Je détale déjà. Les buissons griffent mes jambes à travers mon pantalon de toile trop mince et de mauvaise qualité. Je me prends les pieds dans les racines,manque de m'étaler par deux fois, mes poumons me brûlent, mon souffle est saccadé. D'épais nuages, gris perle sur le ciel noir, masquent la lune. Aveugle dans la pénombre de la nuit, je m'en remet entièrement à la silhouette qui file devant moi, sans bruit, rapide, se glissant entre les arbres tel un fantôme.
Derrière, des bruits me parviennent, étouffés par les taillis et pourtant trop proches, cris des soldats qui nous ordonnent de nous arrêter, aboiements des chiens, insultes furieuses. Bien que n'étant pas aussi discret que mon complice, le bruit de ma course me semble dérisoire face au vacarme qu'ils font. S'ils n'étaient pas guidés leurs chiens au flair implacable, ils nous auraient déjà perdus.
Je tourne la tête pour entrevoir les lueurs rouges de leurs torches.

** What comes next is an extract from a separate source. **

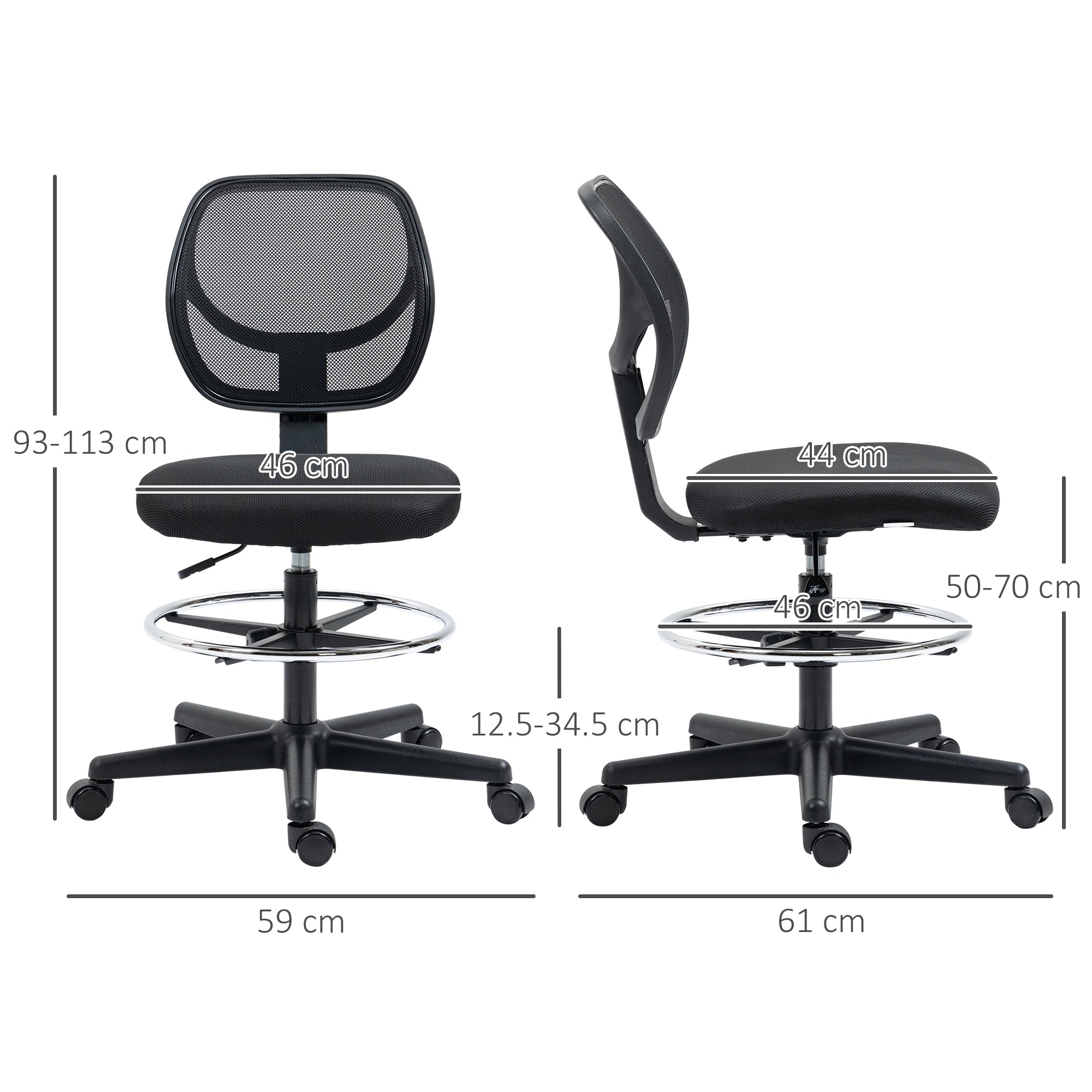 Vinsetto Ergonomic Mesh Standing Desk Chair with Adjustable Footrest Ring and Seat Height Black - North Peak Garden Furniture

" Te retourne pas! " siffle la silhouette devant moi.

Le mur d'enceinte apparaît soudain, surgit de l'obscurité, sa ligne noire se découpant sur le ciel plus obscur encore. Je continue sans ralentir, sans dévier ma course, attend le dernier moment pour sauter, m'agrippe à un renfoncement, mes jambes repliées s'appuient une fraction de seconde contre la paroi avant de se détendre brusquement pour me projeter vers le sommet du mur auquel je m'accroche à deux mains.

" Neïl! "

Je lève les yeux. Les nuages se sont effilochés, et je distingue à la pâle lumière de la lune le visage de mon frère. Double parfait du mien. Une peau livide qui paraît presque argentée sous les étoiles, un nez droit, des lèvres fines étirées en un sourire rassurant, deux yeux pareils à des gouttes d'encre écarlate, de longues mèches ébouriffées plus blanches que la neige qui ne tardera pas à tomber en cette glaciale fin d'année. Je saisis le bras musclé que me tend mon jumeau et il m'aide d'une traction à me hisser en haut.
Je jette un regard en bas. D'un côté, une ceinture d'arbre, dense, serrée contre le mur d'enceinte, puis plus loin les vergers, et enfin la vaste ferme des Barenns.
De l'autre côté, des champs qui s'étendent avant de se heurter à la nature sauvage des bois, et le chemin de terre battue qui descend en serpentant vers la ville de Valiop, qui n'est dans la nuit qu'une ombre massive dont la tour du seigneur seule dépasse des toits des maisons basses.
Je sens dans mes poches et à ma ceinture le poids des fruits, je contemple le sac rempli à ras-bord que mon frère porte sur une épaule. La lumière des torches semble très loin, l'air froid me revigore et sèche la sueur sur mon visage, la lune m'observe de son œil bienveillant. Je me tourne vers mon jumeau et murmure :

"On a réussi, Fenré! "

Il me retourne un sourire rayonnant.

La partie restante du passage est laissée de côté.